Regardless, I found myself lined up on the pool deck between a current lifeguard and her high school-age friend. My confidence was already beginning to ebb when these girls started questioning their ability to finish the swim.
“Oh, so this is what could go wrong,” I thought. I could drown or I could get lapped by the 20 people following me. My internal monologue for the swim was pretty simple: “Stroke, breath, don't drown.” Words to live by. All three of us survived, and none of us were lapped.
The transition from swim to bike went pretty smoothly, although I may have wasted valuable time double checking to make sure I wasn't removing my sports bra along with my swim top.

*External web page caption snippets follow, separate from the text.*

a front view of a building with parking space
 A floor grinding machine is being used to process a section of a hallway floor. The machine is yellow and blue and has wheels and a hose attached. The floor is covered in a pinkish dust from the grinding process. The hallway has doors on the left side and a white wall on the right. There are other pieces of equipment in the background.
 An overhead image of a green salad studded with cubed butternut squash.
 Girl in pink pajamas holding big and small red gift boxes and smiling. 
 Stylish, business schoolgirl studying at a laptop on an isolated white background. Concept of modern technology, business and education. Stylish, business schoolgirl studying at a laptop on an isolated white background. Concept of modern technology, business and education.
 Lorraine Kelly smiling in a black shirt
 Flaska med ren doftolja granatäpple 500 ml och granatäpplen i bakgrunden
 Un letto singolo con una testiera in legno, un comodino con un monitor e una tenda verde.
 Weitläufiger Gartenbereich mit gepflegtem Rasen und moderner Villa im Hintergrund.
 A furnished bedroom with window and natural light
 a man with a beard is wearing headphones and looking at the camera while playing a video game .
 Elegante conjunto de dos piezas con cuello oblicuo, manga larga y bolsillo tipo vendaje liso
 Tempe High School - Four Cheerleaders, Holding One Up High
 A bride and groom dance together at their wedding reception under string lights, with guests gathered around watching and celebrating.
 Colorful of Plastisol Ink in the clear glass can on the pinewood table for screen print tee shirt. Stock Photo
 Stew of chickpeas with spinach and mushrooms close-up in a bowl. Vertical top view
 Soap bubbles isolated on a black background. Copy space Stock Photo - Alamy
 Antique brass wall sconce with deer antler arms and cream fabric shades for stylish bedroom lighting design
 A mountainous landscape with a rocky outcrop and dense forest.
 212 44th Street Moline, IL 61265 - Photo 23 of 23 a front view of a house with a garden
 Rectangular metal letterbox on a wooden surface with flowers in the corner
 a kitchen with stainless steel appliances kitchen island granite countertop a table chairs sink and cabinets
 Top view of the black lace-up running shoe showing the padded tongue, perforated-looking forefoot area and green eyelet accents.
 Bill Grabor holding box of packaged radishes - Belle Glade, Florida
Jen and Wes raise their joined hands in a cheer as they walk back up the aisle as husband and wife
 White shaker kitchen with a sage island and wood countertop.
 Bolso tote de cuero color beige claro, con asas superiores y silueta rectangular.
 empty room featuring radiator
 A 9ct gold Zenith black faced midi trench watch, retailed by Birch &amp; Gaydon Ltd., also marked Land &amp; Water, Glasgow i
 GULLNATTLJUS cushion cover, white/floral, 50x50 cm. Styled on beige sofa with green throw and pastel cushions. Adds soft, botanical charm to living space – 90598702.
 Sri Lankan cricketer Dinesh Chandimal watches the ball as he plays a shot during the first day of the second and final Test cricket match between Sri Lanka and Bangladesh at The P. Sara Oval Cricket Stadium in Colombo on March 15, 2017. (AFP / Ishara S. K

“Oh, so this is what could go wrong.” The sight of my codfish-white belly probably traumatized enough people.
The 5-mile bike ride gave me plenty of time to think. I realized that while I like riding (moderately) fast, I don't like turning corners (even moderately) fast. After watching the riders ahead of me lean (dangerously far) into the corners, I tried to console myself with the old “it's not a sprint it's a marathon” platitude.
Then I remembered it was a sprint triathalon.
Eventually I reached a zen-like peace with being passed by young men with tree trunk-sized calves, curled over the handlebars of their high-tech racing bikes. My competitive spirit kicked and I picked up the pace as we neared the turnaround point. I even managed to pass someone myself. (So what if he was only 12 years old, and wobbled all over the place.)
I started to enjoy the thrill of riding fast, and the rush of the wind in my face. I felt free! I felt like I was flying! I felt like I was hardly pedaling at all!
Because I was hardly pedaling at all. I was going down hill. And what goes down hill must eventually go back up....
“Oh, so this is what could go wrong.”
By the time I made it back to the park to leave my bike and start the run, my butt cramps had butt cramps. I wondered if I would be able to unclench long enough to get off my bike, or if I would have to run with the seat stuck between my cheeks.
“Oh, so this is what could go wrong.”
The second transition was even smoother than the first, and I was able to dismount without disrobing.
|So, this went wrong.|
I had hoped the run would be my strongest part (relatively speaking) of the event. And it might have been. If it wasn't for the swimming. Or the biking. Or the swimming and biking. As it was, I ended up doing a “Lego” run, going block by block. By block.
But I did keep going, and I did finish (24 seconds slower than I really hoped to finish). And it didn't kill me. And I did have fun.
And I am going to do it again next year.
Because anything worth doing just for fun, is worth doing 24-seconds faster.